C’est la
finalité de l’action politique : promouvoir l’intérêt général et c’est pour sa défense que le maire du Vésinet s’est acharné des années durant à refuser d’entendre la
majorité des vésigondins. L’intérêt général peut il ne pas coïncider avec la volonté de la majorité ? C’est pour éviter ce paradoxe que les élections doivent trancher. Et
par extension décider du "bien public" qui a valeur opposable aux minorités au nom du suffrage universel.

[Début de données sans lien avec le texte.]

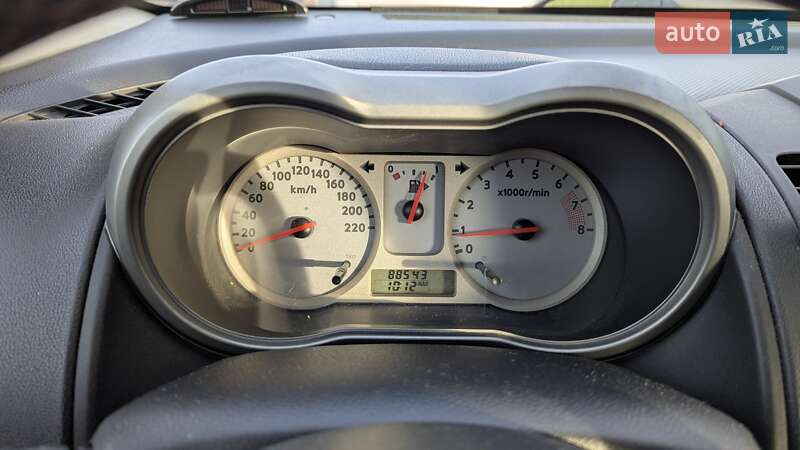 Хетчбек Nissan Note 2007 в Києві фото Хетчбек Nissan Note 2007 в Києві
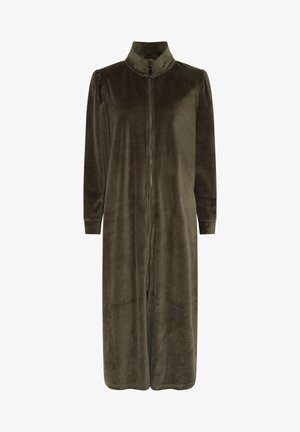 Zielono-oliwkowa sukienka na długim rękawie, zapinana na zamek, wykonana z miękkiego materiału welurowego, z wysokim kołnierzem i luźnym krojem, sięgająca do połowy łydki.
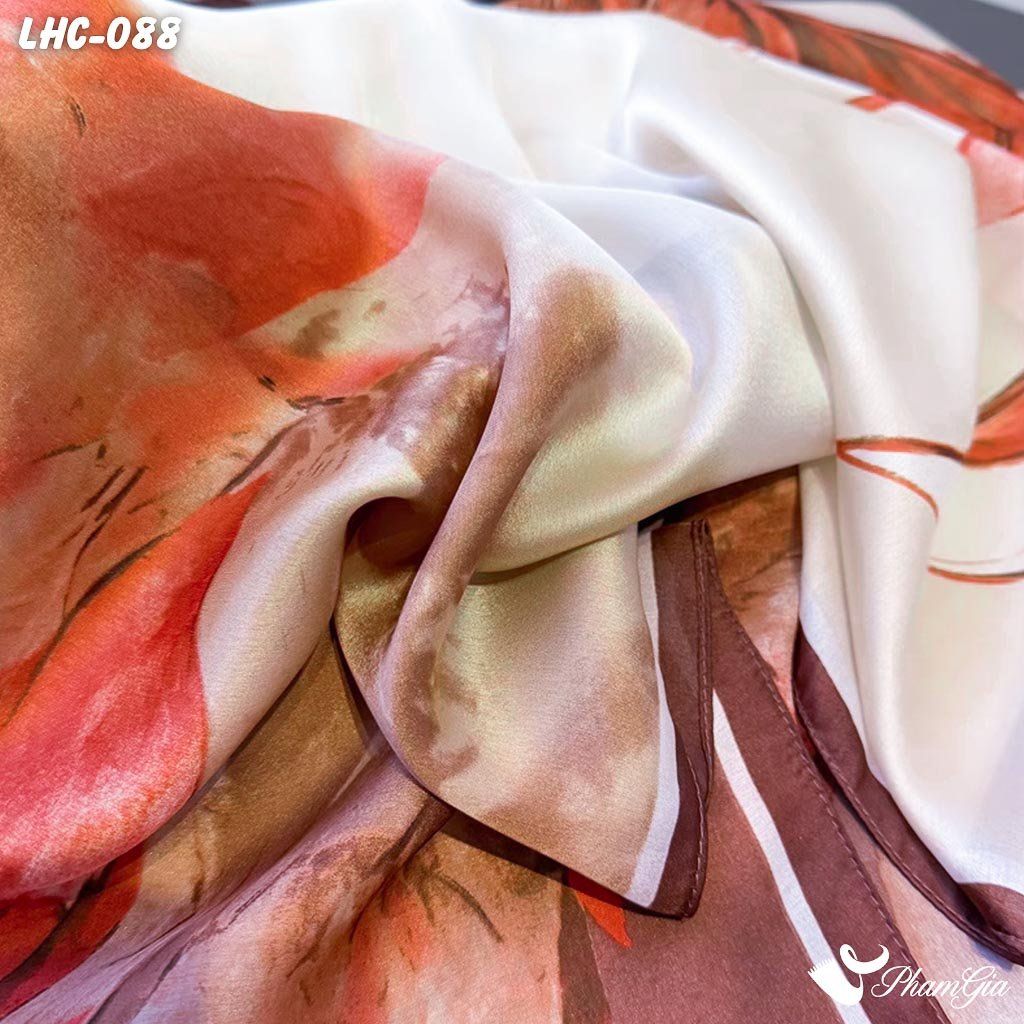 Khăn Choàng Lụa Hàng Châu Họa Tiết Hoa Lá Phong Cách Vẽ Màu Nâu Trang Nhã (LHC088)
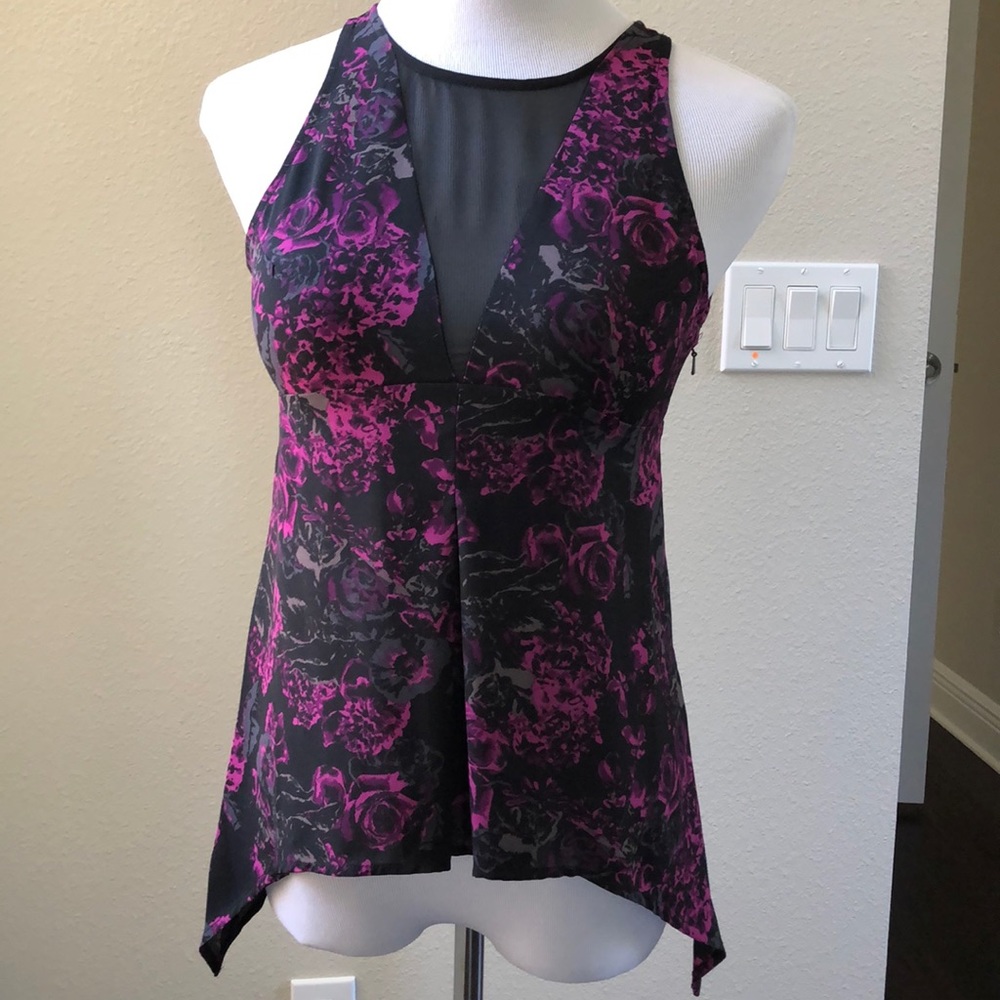 Floral sleeveless blouse with chiffon V-neck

Dans le cas des municipales des 9 et 16 mars le problème se corse avec la qualification de la majorité.
Dans la configuration du
Paysage Politique Vésigondin, il devient probable – si aucun
rapprochement d’entre 2 tours ne s’effectue - qu’une liste soit élue le 16 mars par une minorité des suffrages
exprimés. Une « madame 3003 voix » bis élue par 40% des suffrages, obtenant un quarteron* de conseillers face à une majorité de
vésigondins représentée par une demi douzaine d’élus :
c’est ce qui nous pend au nez ! La majorité au pouvoir pourra-t-elle prétendre être dépositaire de l’intérêt général ?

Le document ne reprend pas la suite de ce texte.